Adaptive Load Scenario - How to Identify Performance Limits

Another good article on performance testing from Alon Girmonsky.

"Every good test plan should include testing your application under different load scenarios such as: gradual load, stress, endurance, etc.

However before applying any load scenario it is a good practice to follow two very important steps:

Define your performance expectations
Identify your application's performance limits
If these steps are skipped, we will run the risk of under or over testing our application.

Adaptive load scenario adjusts the load level according to your application's performance in order to identify its limits.

One way to identify our application's performance limits is by trying out numerous load levels to identify the appropriate load level that our application can support with an acceptable end-user experience. This process can require a few iterations and is not always accurate.

To simplify the process of identifying performance limitations, we have recently introduced the adaptive load scenario. This scenario adapts the load level to the performance level of the application under test. The adaptation is made according to an acceptable service level that is defined prior to the test.

The adaptive load scenario decreases the load once errors are encountered or when the response time becomes unacceptable. The unacceptable response time is defined prior to the test.

The best way to utilize such a scenario is to use a larger load capacity. During the test, if the limits are reached the test will adapt and the limits will be identified.

Don't be surprised if the identified limits are lower than expected. This will give you the chance to fine tune your application and test it again in order to make sure that the application can in fact support the required performance service level.

To illustrate the power of the adaptive load scenario, I will compare two test sessions ran against a website which is running on a 512MB server from Rackspace. For the two tests I used a simple business process which contains a short user sequence. In our scenario a user opens a browser, downloads a large file (4MB), waits for 10 seconds then loads a small HTML file (25KB) and then stops.

The first test will include a gradual load scenario. This scenario includes a gradual user ramp up from 0 to up to 100 concurrent users. The gradual load does not stop in case of errors or in case a response time is higher than defined. The second test will include an adaptive load scenario.

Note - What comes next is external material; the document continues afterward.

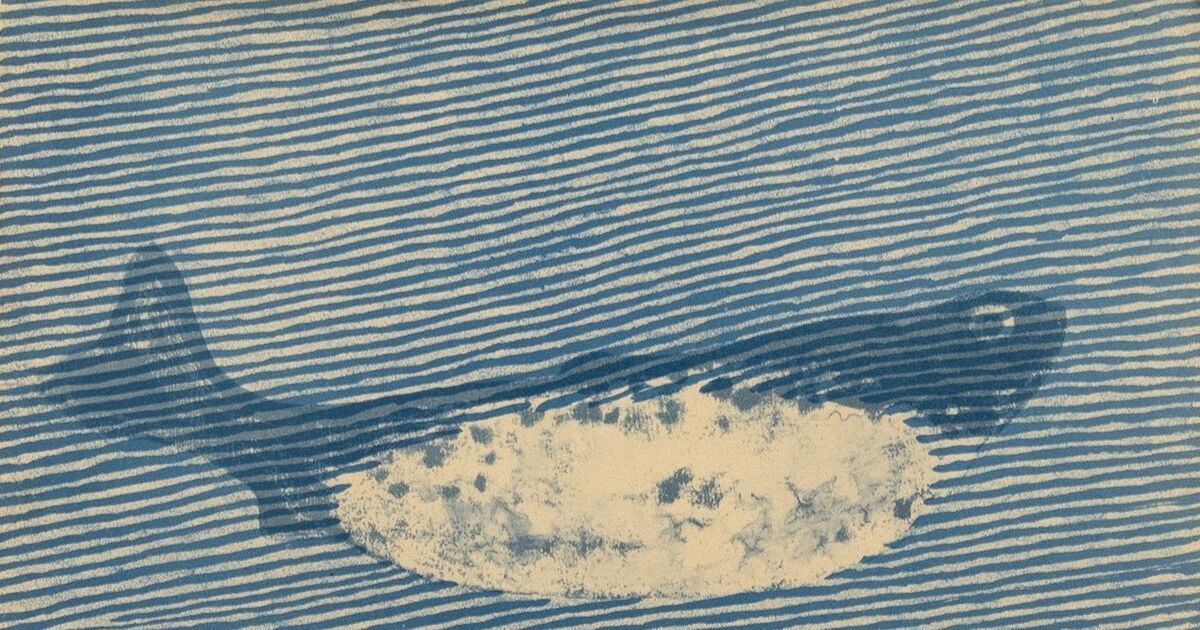 Prampolini abstract, Scott lithograph and Warhol Marilyns at Lismore sale 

Gradual Load Scenario Results
*** The full results generated by PerformanceXpert can be found here: ***

During this test we ran the gradual load scenario which is not adaptive. Looking at the results of this test, it is clear that up to a level of 20 simultaneous users the response time presented an almost flat line. From that point, the response time began to increase. The load continued to grow and so did the response time. Although this test allowed us to identify the cause of the poor performance level (this issue was discussed in the post: Benchmarking Amazon Web Services Vs Rackspace), it provided less intelligence regarding the performance limits. One could obviously guess that the limits are somewhere around the 20-30 simultaneous users, but a guess always provides less confidence.

Adaptive Load Scenario Results
*** The full results generated by PerformanceXpert can be found here: ***

For the adaptive load scenario, we defined 30 seconds as the unacceptable response time. This would mean that if a response time of over 30 seconds is met, the load level is reduced by one simultaneous user. An error, if encountered, would also decrease the load level by one simultaneous user.

Looking at the results of the second test, it is clear that the performance limit was reached and identified. Under the assertion that a response time of over 30 seconds is unacceptable, it is clear that the application can not support more than 20 simultaneous users.

When ever the load level was trying to go over it's limit, it resulted in an unacceptable response time therefore decreasing the load level. Increasing the load level resulted again and again in an unacceptable response times.

Looking further into the reports reveals that out of 3,600 samples, 63 resulted in an unacceptable response time. The average response time was under 10 seconds.

The report on the right reveals the exact distribution of response time between responses.

The adaptive load scenario provides us with our application's limits. It is very important to identify these limits as a first step prior to applying additional load scenarios.

Using the adaptive load scenario is only one alternative to identify these limits. Other scenarios can be used as well, however they are less accurate and may require multiple iterations.

To use the adaptive load scenario, simply use the PXlite interface. Add a test and choose the adaptive load scenario. Once you choose this scenario, a text box will appear asking you to choose the unacceptable response time, then save and start."

A good article on performance and load testing.